The damage is clear at Petrobras, which went from energy juggernaut to investor deadbeat in a decade thanks to “systemic corruption,” in the words of federal judge Sergio Moro, who presides over the Car Wash case. Now one of the caretaker government’s top priorities will have to be restoring confidence in country’s biggest lender, as well.
With their easy money and often less-than-transparent lending policies, state-owned development banks are tempting targets for ruling parties and their cronies. The banks are meant to stimulate economic growth by using state money for financing projects that might not otherwise get built.
The prize is especially great at BNDES, which in 2010 dispersed loans valued at $101 billion -- more than three times the total amount provided by the World Bank and about 20 percent higher than that of China Development Bank. The bank lent the equivalent of around $33 billion last year, when the economy was in recession.
It wasn’t all hype when former president Luiz Inacio Lula da Silva in 2012 extolled it as “the world’s biggest development bank.”
Though BNDES’s default rate is much lower than that of private banks, critics argued that the bank frequently favored “national champions,” companies cherry picked to promote Brazil’s enterprise at home and abroad.
In fact, the nest egg went to big borrowers who simply helped themselves to subsidized loans when they could have raised money in the private credit market. Sixty percent of BNDES loans during President Lula’s administration (2003 to 2011) went to clients reporting annual earnings of $130 million or more, economist Sergio Lazzarini, who teaches at Sao Paulo’s Insper university, found.
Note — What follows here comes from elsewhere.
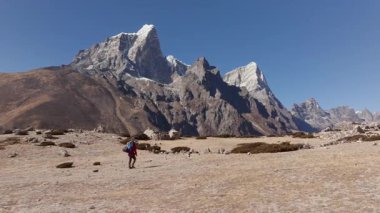 Himalayalar 'da Himalayalar' da Rocky Ovası 'nda yürüyüş yapan yürüyüşçü. Arka planda görkemli kar örtülü dağlar..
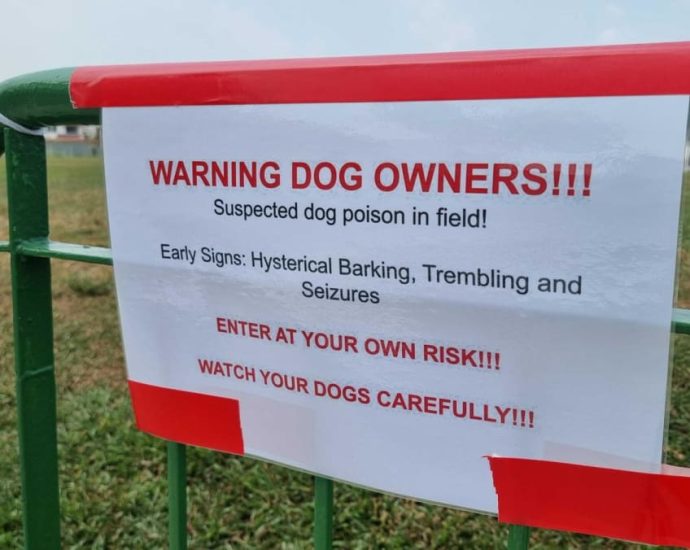Poisoning 'most likely cause' of dog deaths linked to Parry Avenue field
Much has been written about how such state-driven economic “dirigisme” distorted Brazil’s economy: To finance the bank’s subsidized loans, the government borrowed on the markets at much higher rates, thereby driving up public debt. That, in turn, helped keep Brazil’s private lending rates sky high. Monica de Bolle, a senior fellow at Peterson Institute of International Economics, recently estimated that subsidies on BNDES loans will cost Brazil around $33 billion through 2020.
What’s newer, and potentially more troubling, are the allegations that the government used subsidized credit to push a partisan agenda. Crossing campaign finance records with BNDES lending, Lazzarini and his colleagues found that companies who helped elect politicians to office from 2002 to 2009 got a sweetener from the BNDES: an average of $28 million in loans for every winning candidate they bankrolled. However, companies that backed political losers saw their loans shrink by $24 million on average.
Suspicions grew under the Lula government, which lent lavishly from BNDES’s coffers to build public works in allied countries, such as Cuba and Angola, often on secret terms. The outcry over such murky deals prompted the bank to open its books on foreign operations.
But not even the bank’s toughest critics had foreseen the sort of political quid pro quo that Odebrecht is now telling prosecutors about. “I never imagined the government bank using loans to bargain for political donations,” Lazzarini told me.
The incoming caretaker government has many emergencies to tend, but fixing the BNDES will be crucial to mending Brazil’s tattered credibility.
Reforms would include streamlining the bank, restoring its mission as a lender to key development projects, reducing wasteful loan subsidies, and awarding loans on technical, instead of political, grounds. “Development banks need to go in early, take initial risks on a venture and then hand over operations to the private sector,” said de Bolle.
As unlikely as it may sound, smaller may well be better for the new Brazil.